◆ **Brief**: Transcribe only the lines from the one containing "Use a signature" through the final line of the entries below, exactly, and exclude the pictures.

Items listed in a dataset
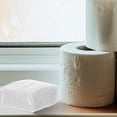 thumbnail image 1 of HOOWIFFY 50Pcs Thick White Tissue Paper for Hotel Use with Embossed Edges and Strong Cleaning Power, 1 of 7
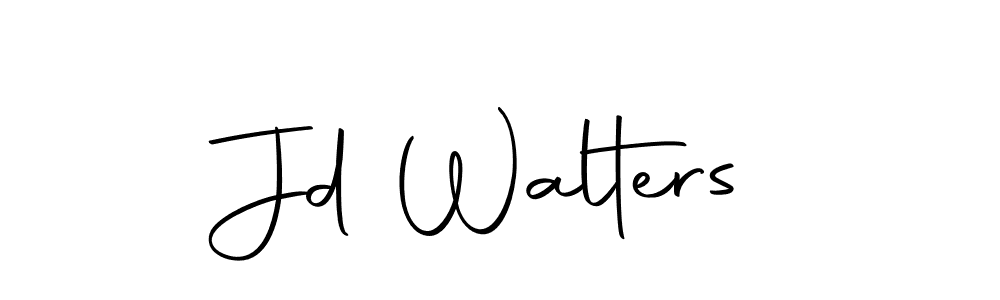 Use a signature maker to create a handwritten signature online. With this signature software, you can design (Autography-DOLnW) your own signature for name Jd Walters. Jd Walters signature style 10 images and pictures png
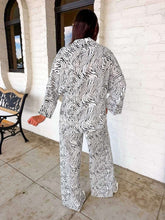 Load image into Gallery viewer, Love Me Zebra Black Set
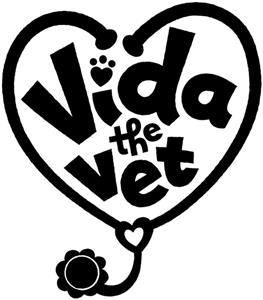 Vida the vet - לוגו סימן מסחר רשום
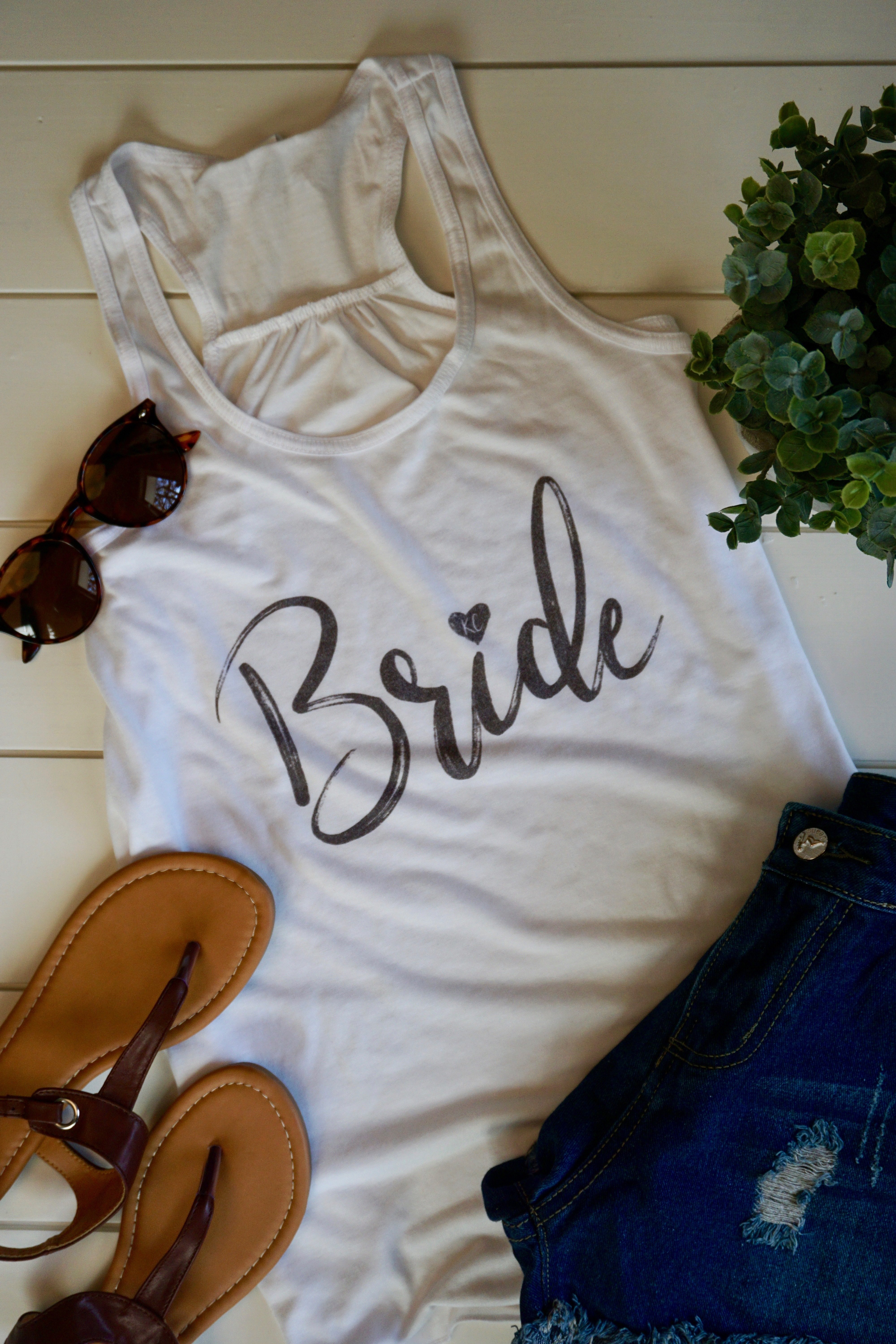 Kansas City Bride Tank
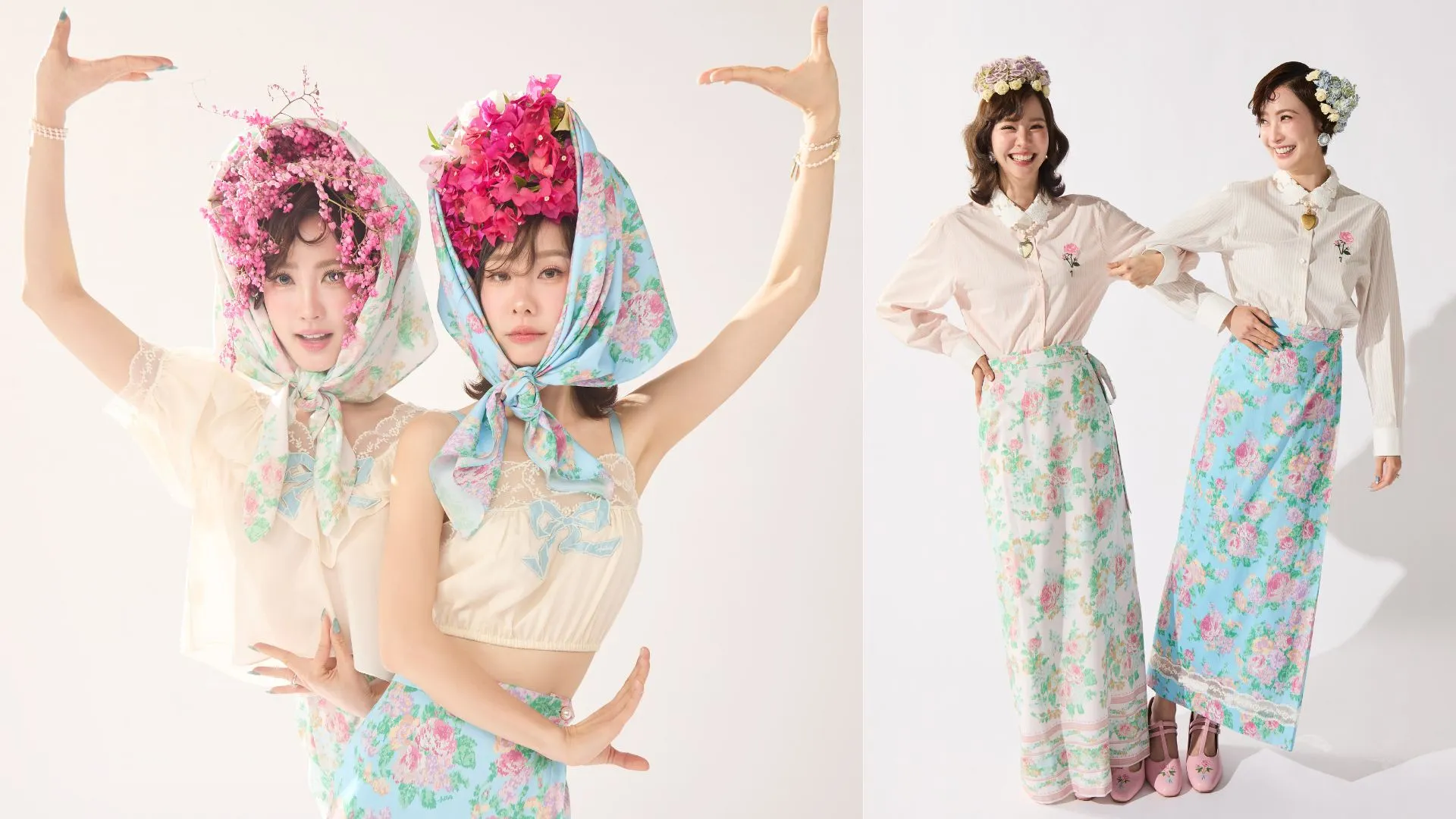 สงกรานต์นี้ Sretsis ชวนแต่งตัวสไตล์วินเทจแบบหวานละมุน!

◆ **Solution for this problem**:
 Use a signature maker to create a handwritten signature online. With this signature software, you can design (Autography-DOLnW) your own signature for name Jd Walters. Jd Walters signature style 10 images and pictures png
 Load image into Gallery viewer, Love Me Zebra Black Set
 Vida the vet - לוגו סימן מסחר רשום
 Kansas City Bride Tank
 สงกรานต์นี้ Sretsis ชวนแต่งตัวสไตล์วินเทจแบบหวานละมุน!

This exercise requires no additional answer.